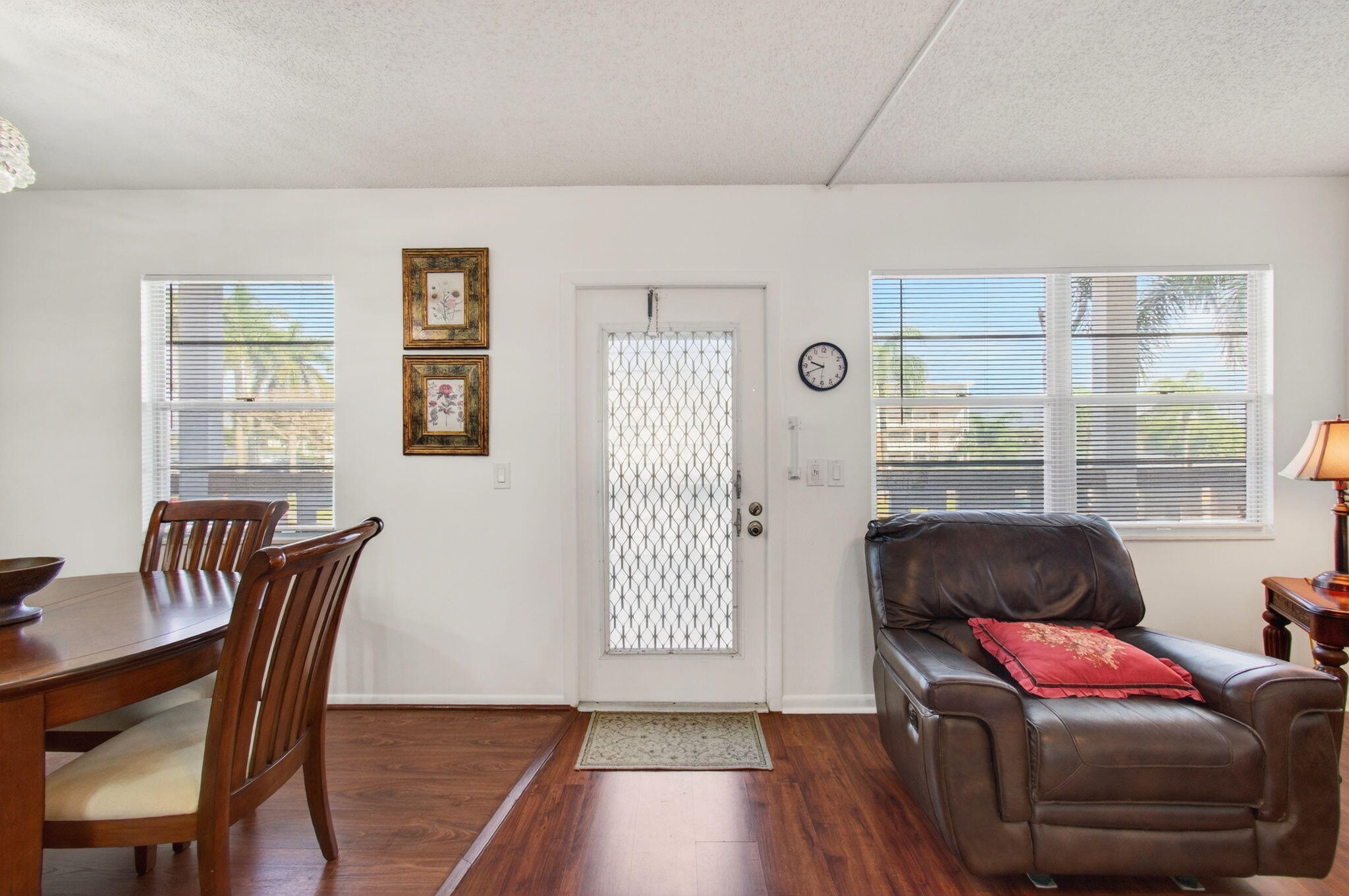 2035 Cornwall B Property Photo 15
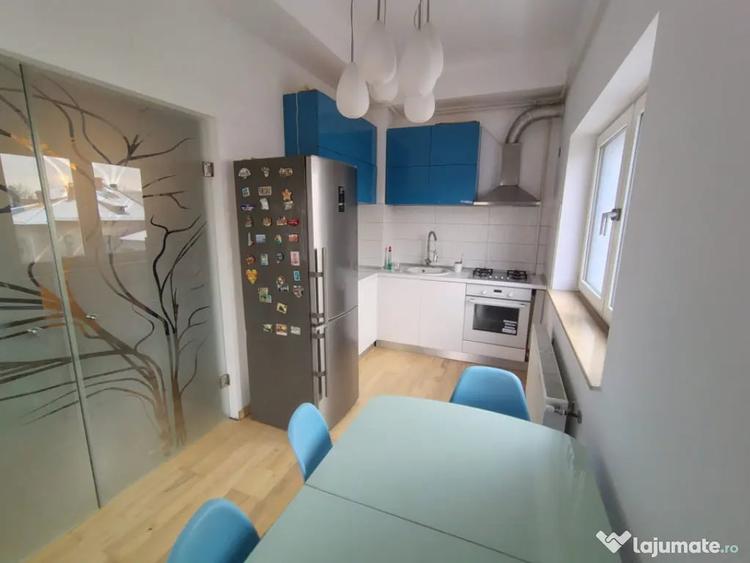 Apartament cu 3 camere semidecomandat, mobilat în Ultracentral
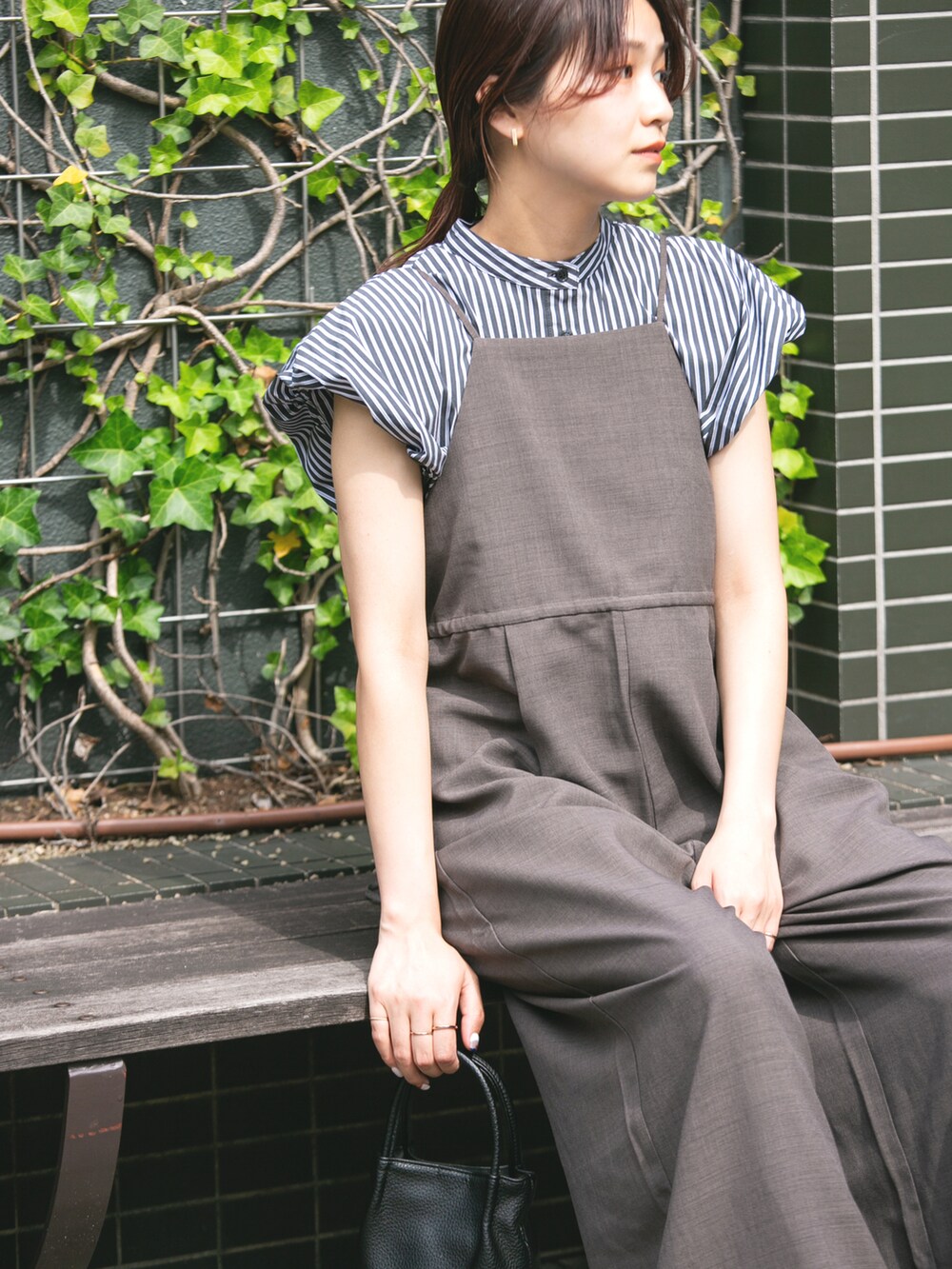 ブルー系のサンダル、ブラウン系のサロペット/オーバーオール、グレー系のシャツ/ブラウスを着用したレディースの夏コーディネートの3枚目の写真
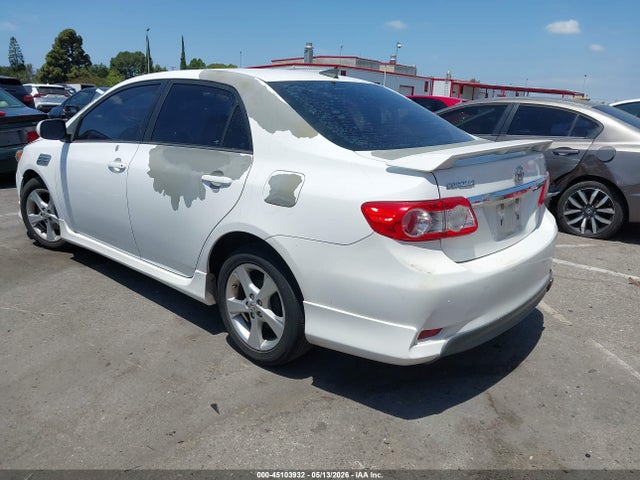45103932 :رقم المزاد ، 5YFBU4EE7DP189833 vin ، 2013 Toyota Corolla S مزاد بيع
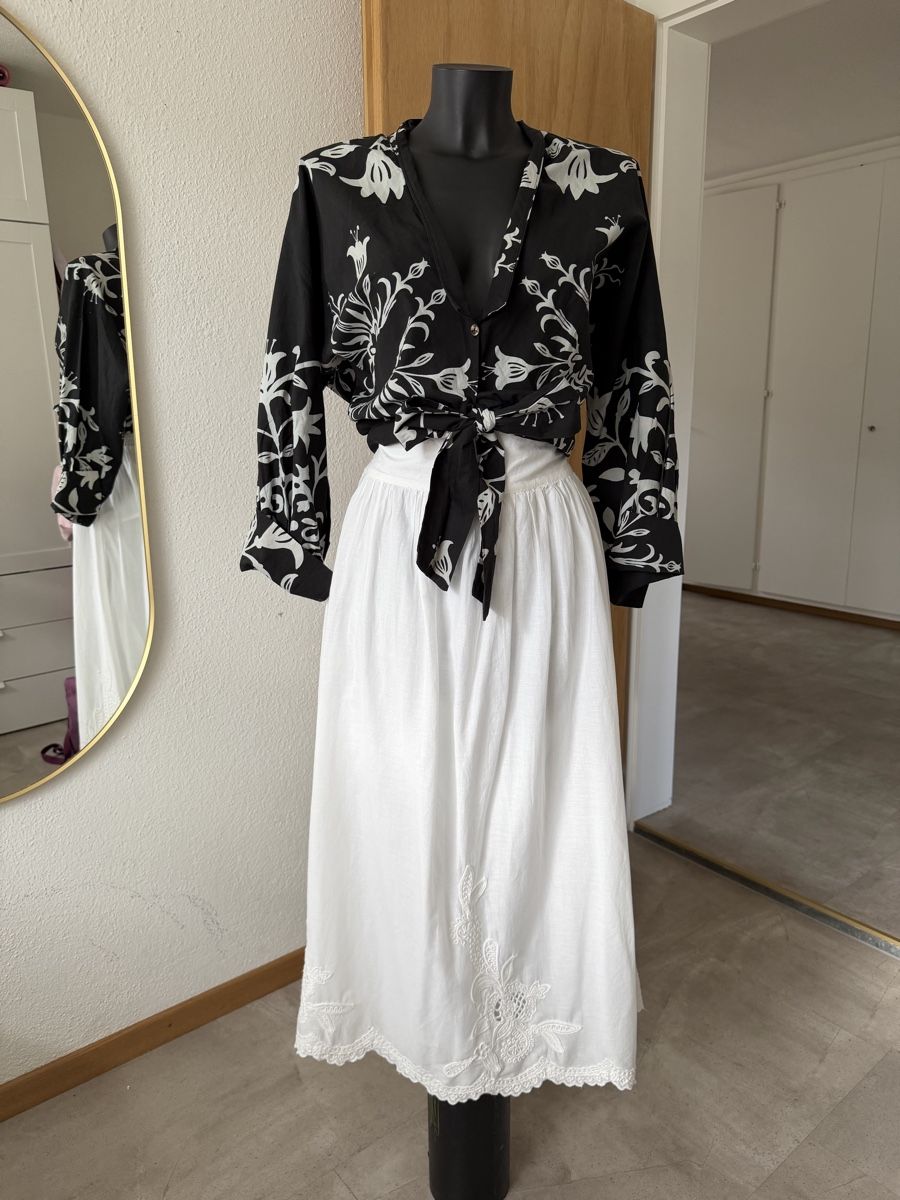 Zara Jupes: Gonna lunga Zara gr.M – D'occasion à Samedan par lau_q8yh 2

• [EXERCISE REQUIREMENTS]
Return only the line with "45103932 :رقم المزاد" and the lines after it up to the end of the records, exact and free of pictures.

• [EXERCISE RESULT]
45103932 :رقم المزاد ، 5YFBU4EE7DP189833 vin ، 2013 Toyota Corolla S مزاد بيع
 Zara Jupes: Gonna lunga Zara gr.M – D'occasion à Samedan par lau_q8yh 2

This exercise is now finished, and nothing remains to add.